Material shown:
- Opening Delimiter -
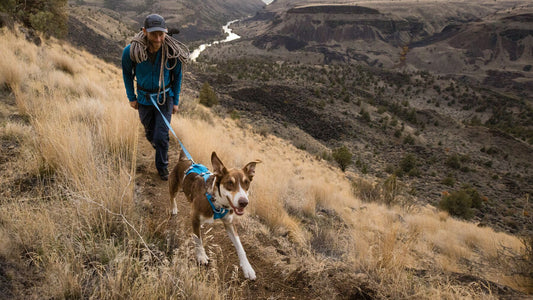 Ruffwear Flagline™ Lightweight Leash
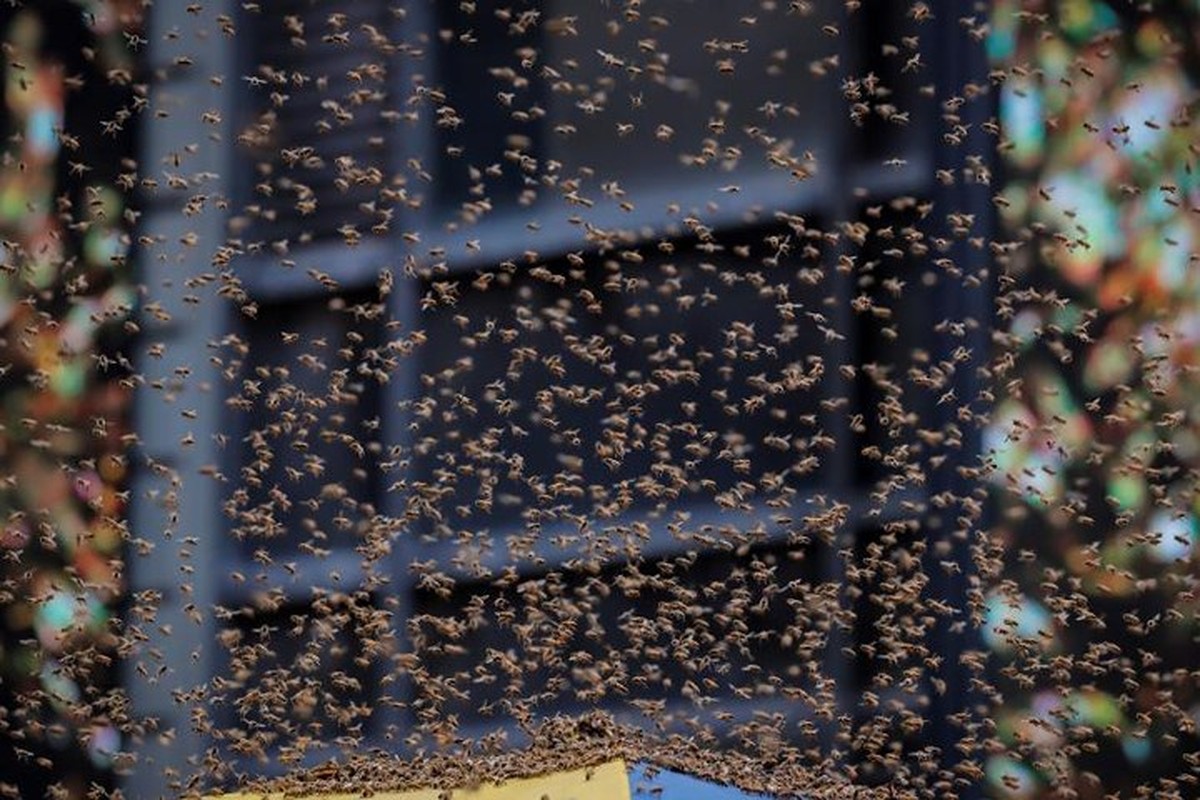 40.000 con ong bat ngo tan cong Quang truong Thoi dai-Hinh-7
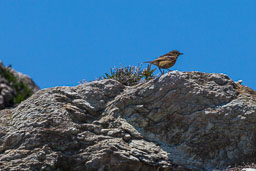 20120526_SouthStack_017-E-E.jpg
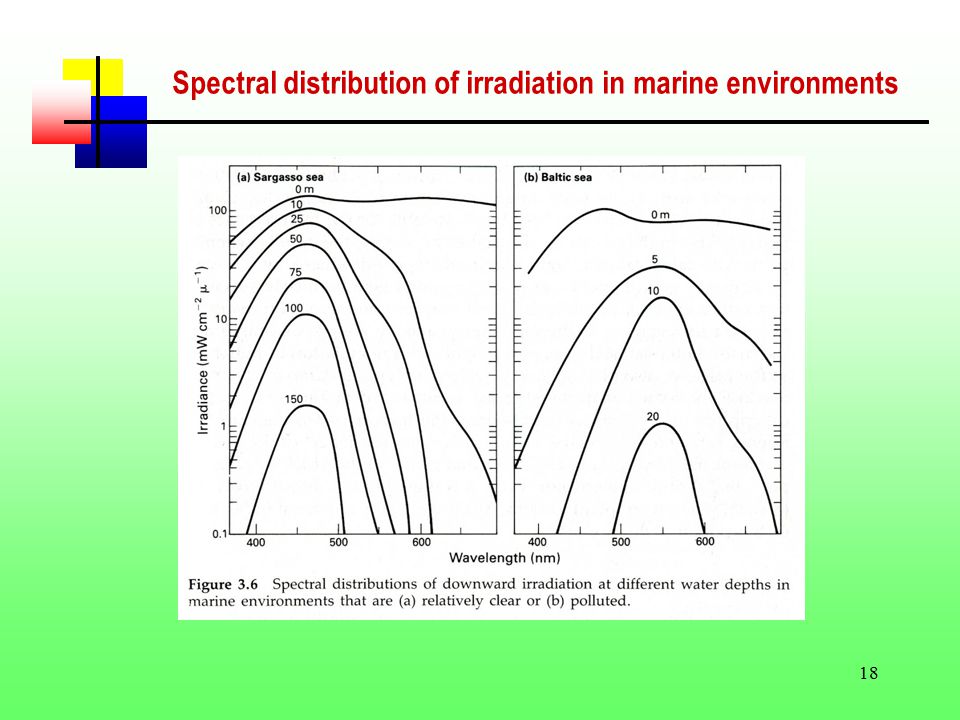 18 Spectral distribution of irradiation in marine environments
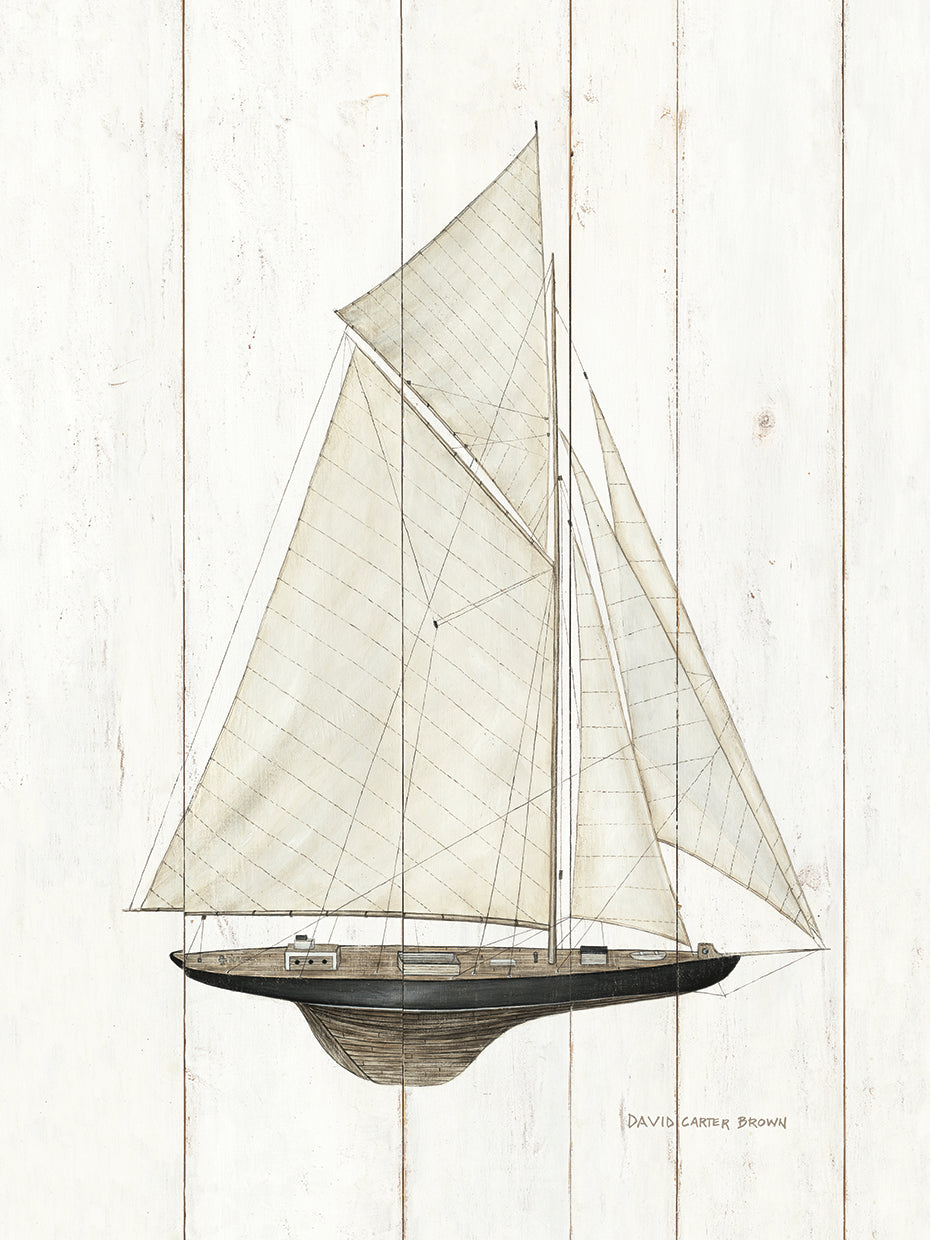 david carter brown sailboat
- Closing Delimiter -
Work request: Return all the records exactly, excluding images.

Written reply:
 Ruffwear Flagline™ Lightweight Leash
 40.000 con ong bat ngo tan cong Quang truong Thoi dai-Hinh-7
 20120526_SouthStack_017-E-E.jpg
 18 Spectral distribution of irradiation in marine environments
 david carter brown sailboat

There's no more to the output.